# Hypothesis Testing

The $ p $-value is a fundamental concept in statistics, particularly in hypothesis testing. Here's a breakdown:

1. **Hypothesis Testing**: When you're trying to make a decision based on statistical evidence, you often set up two opposing hypotheses:
   - **Null Hypothesis ($ H_0 $)**: This is a statement that there is no effect or no difference. It's what you're trying to test against.
   - **Alternative Hypothesis ($ H_a $ or $ H_1 $)**: This is what you want to prove, e.g., that there is a difference or an effect.

2. **Test Statistic**: You then collect data and compute a test statistic, which gives you a measure of how far your observed data is from what the null hypothesis would predict.

3. **$ p $-value**: The $ p $-value is the probability of observing a test statistic as extreme as, or more extreme than, the statistic computed from the data, assuming that the null hypothesis is true. 
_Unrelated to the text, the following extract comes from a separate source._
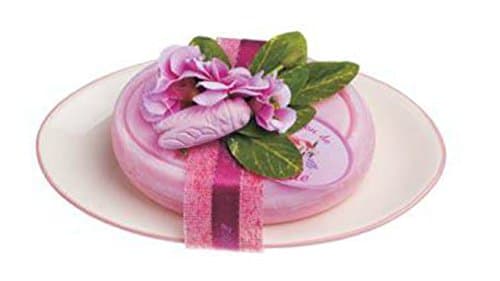 Le Chatelard 100g Savon De Marseille Rose Soap in Round Ceramic Bath Soap Dish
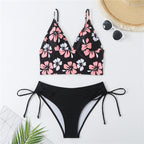 Damen Crop-Top Bikini mit verstellbaren Trägern und floralem Muster R&B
   - If the $ p $-value is small (typically ≤ 0.05), it suggests that the observed data is inconsistent with the null hypothesis, so you might reject the null hypothesis in favor of the alternative hypothesis.
   - If the $ p $-value is large, you don't have enough statistical evidence to reject the null hypothesis.

4. **Interpretation**:
   - A small $ p $-value (e.g., ≤ 0.05) indicates that the observed data would be unlikely if the null hypothesis were true. This is often interpreted as evidence against the null hypothesis.
   - A large $ p $-value suggests that the observed data is consistent with what we would expect under the null hypothesis.
   - It's important to note that a $ p $-value does not provide the probability that either hypothesis is true. It only tells us how surprising our data would be if the null hypothesis were true.

5. **Caveats**:
   - **Not proof**: A small $ p $-value is not proof that the alternative hypothesis is true. It just indicates that the data observed would be unlikely under the null hypothesis.
   - **Arbitrary threshold**: The 0.05 threshold is conventional, but it's arbitrary. Some fields or situations might use stricter thresholds (like 0.01) or more lenient ones.
   - **Multiple comparisons**: If you're testing many hypotheses simultaneously, you need to adjust your $ p $-values or use techniques designed for multiple comparisons to avoid false positives.
   - **Data dredging/p-hacking**: This refers to the practice of repeatedly searching data for patterns and conducting many statistical tests until a significant result is found. This can lead to misleading results.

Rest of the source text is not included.